TL;DR
- reduce the cost of
poll()
- ignore unnecessary
poll()
- channel works nice
- guess the state of a busy stream
- rewrite underlayer if you want to squeeze more performance
Introduction
As many people knows, tokio is a runtime framework that provides non-blocking I/O, event driven features for developers to write their own asynchronous applications. We'll introduce some techniques and tricks on optimizing tokio v0.1.22. In order to understand this paragraph, we assume the readers to have development experiences using Tokio framework.
About New Tokio
Recently, Tokio released it's 0.2 stable version which is compatible with the async/await syntax and the latest futures. Even though the authors sentenced 0.2 to be stable, wait for several months before you put the code to production. Not mentioning the enormous changes from 0.2.0-alpha.6
to 0.2.0-stable
, the APIs might still be modified in the future 0.2 releases. Issues might be discovered and fixed, and manual for the APIs is still not ready. If you dig into the code, you'll see many APIs are marked as hidden from document. This paragraph will not cover much about 0.2 due to all these reasons.
A brief example
Let's start from a simple example:
// a stream that polls from two other sources of streams
impl Stream for Server {
type Item = Vec<u8>;
type Error = io::Error;
fn poll(&mut self) -> Poll<Option<<Self as Stream>::Item>, <Self as Stream>::Error> {
let result1 = self.socket1.poll();
let result2 = self.socket2.poll();
// do something on the results
}
}
One use case for this example is to combine multiple streams into one stream. The socket might be a file, a TcpStream, a Timer, or even an I/O device. What's hidden behind the scene is mio doing the task management. When any Stream goes into Async::NotReady
status, it registers the task into queue, and wait for any trigger event to wake up the task. In this example, since we have to poll()
from both socket1
and socket2
, Server::poll()
might be waken up by any of them. When socket2
becomes Ready
and wakes up Server::poll
while socket1
is still in NotReady
, we wasted time in polling socket1
.
Here's the space that we could optimize. If we could:
- Lower the cost of
poll()
onsocket1
andsocket2
- Ignore unnecessary
poll()
then we could save time for other operations.

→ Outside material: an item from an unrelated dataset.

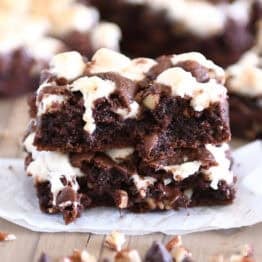 Rocky road chocolate cookie bar split in half and stacked on white parchment paper.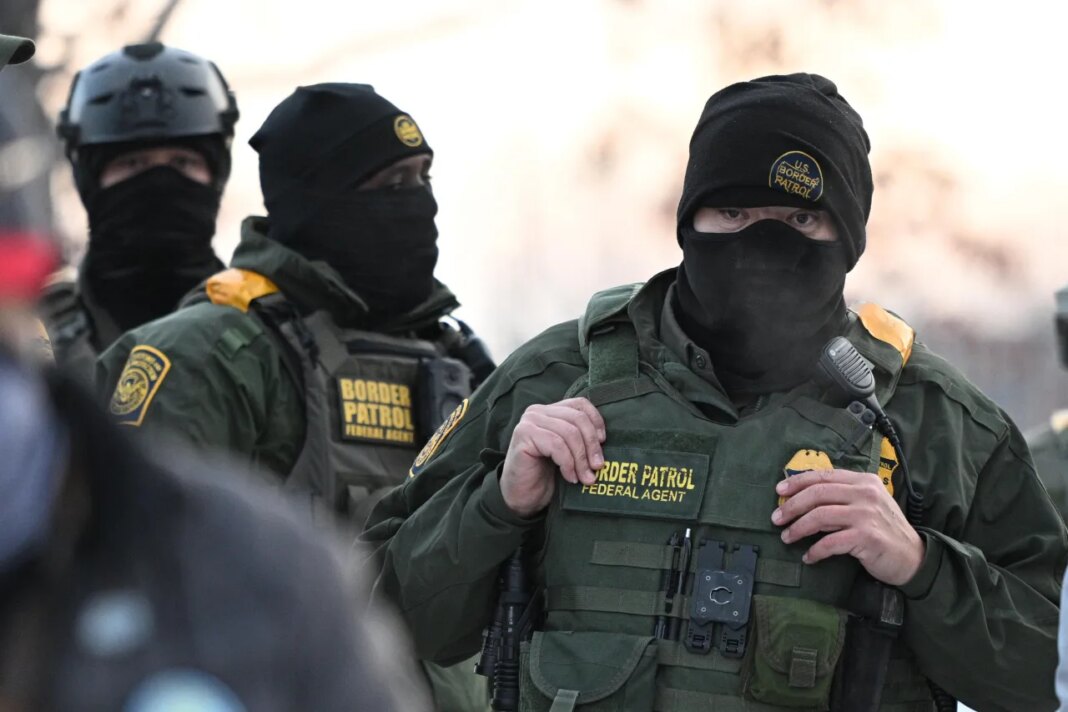 FILE - Federal agents look on as protesters gather outside the Bishop Henry Whipple Federal Building, Thursday, Jan. 8, 2026, in Minneapolis, Minn. (AP Photo/Tom Baker, File)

How to accomplish any of these two points depends on how we make use of the output data from these streams.
1. Using Channel
If we want to avoid unnecessary poll()
, we could pipe streams of events into channel. Channel stream will be wakened if any of the sink gets data. [1]
let (tx, rx) = unbounded_channel();
let sink = tx.clone(); // unbounded_channel or channel
let sink2 = tx.clone(); // unbounded_channel or channel
let task = server.socket1
.map_err(|e| error!("{:?}", e))
.forward(sink.sink_map_err(|e| error!("{:?}", e)).with(|p| Ok((1, p))))
.map(|_| ());
exec.spawn(task); // spawned by TaskExecutor
let task = server.socket1
.map_err(|e| error!("{:?}", e))
.forward(sink.sink_map_err(|e| error!("{:?}", e)).with(|p| Ok(2, p)))
.map(|_| ());
exec.spawn(task); // spawned by TaskExecutor
let task = rx
.map_err(|e| error!("{:?}", e))
.for_each(|(from, data)| {
// do something
})
.map(|_| ());
exec.spawn(task); // consumer spawned by TaskExecutor
// no need to impl Stream for Server
One benefit of using channel is that it provides a buffered space for sudden burst of input. If there's no other concern, channel should work for most cases.
2. Guess State
Create a flag in Server to record the status of socket1
and socket2
. If any of them returns Ready
, keep polling it until it returns NotReady
. When streams are busy, they don't often go into NotReady
status. Polling on the Ready
stream should have higher probability of getting data. This will minimize the cost on polling both streams. The side effect of this method is that the produced data will be sloped on one side if the stream we polled seldom return NotReady
.
impl Stream for Server {
type Item = Vec<u8>;
type Error = io::Error;
fn poll(&mut self) -> Poll<Option<<Self as Stream>::Item>, <Self as Stream>::Error> {
let result = {
if self.is_socket1 { // guessing that socket1 is ready
if self.alive_1 { // prevent polling on ended stream
match self.socket1.poll()? {
Async::Ready(Some(e)) => e,
Async::Ready(None) => {
self.alive_1 = false;
// do something
}
Async::NotReady => { // register event for socket1
self.is_socket1 = false;
...
}
}
}
if self.alive_2 { // prevent polling on ended stream
match self.socket2.poll()? { // register event for socket2
Async::Ready(Some(e)) => e,
Async::Ready(None) => {
self.alive_2 = false;
// do something
}
Async::NotReady => return Ok(Async::NotReady)
}
}
} else { // guessing that socket2 is ready
if self.alive_2 { // prevent polling on ended stream
match self.socket2.poll() {
Async::Ready(Some(e)) => e,
Async::Ready(None) => {
self.alive_2 = false;
// do something
}
Async::NotReady => {
self.is_socket1 = true;
...
}
}
}
if self.alive_1 { // prevent polling on ended stream
match self.socket1.poll()? { // register event for socket1
Async::Ready(Some(e)) => e,
Async::Ready(None) => {
self.alive_1 = false;
// do something
}
Async::NotReady => return Ok(Async::NotReady)
}
}
}
// both two streams ended
return Ok(Async::Ready(None))
}
// do something on the results
}
}
3. Use Atomic Flags and AtomicTask
Other than guessing, If we could share a flag between Server
and socket1
/socket2
, we could know which event triggers current Server::poll
. This is only possible if you have control on the underlying mio::Evented
object in general case. However, if we are allowed to spawn socket1
/socket2
in other threads (Refer to our first method) and save output in some container, we could set the flags from the following Wrapper
:
struct Wrapper<T> {
inner: T, // T: `socket1`/`socket2` type
from_me: Arc<AtomicBool>,
// use HashMap as an example. should be better if we have a lock-free container here.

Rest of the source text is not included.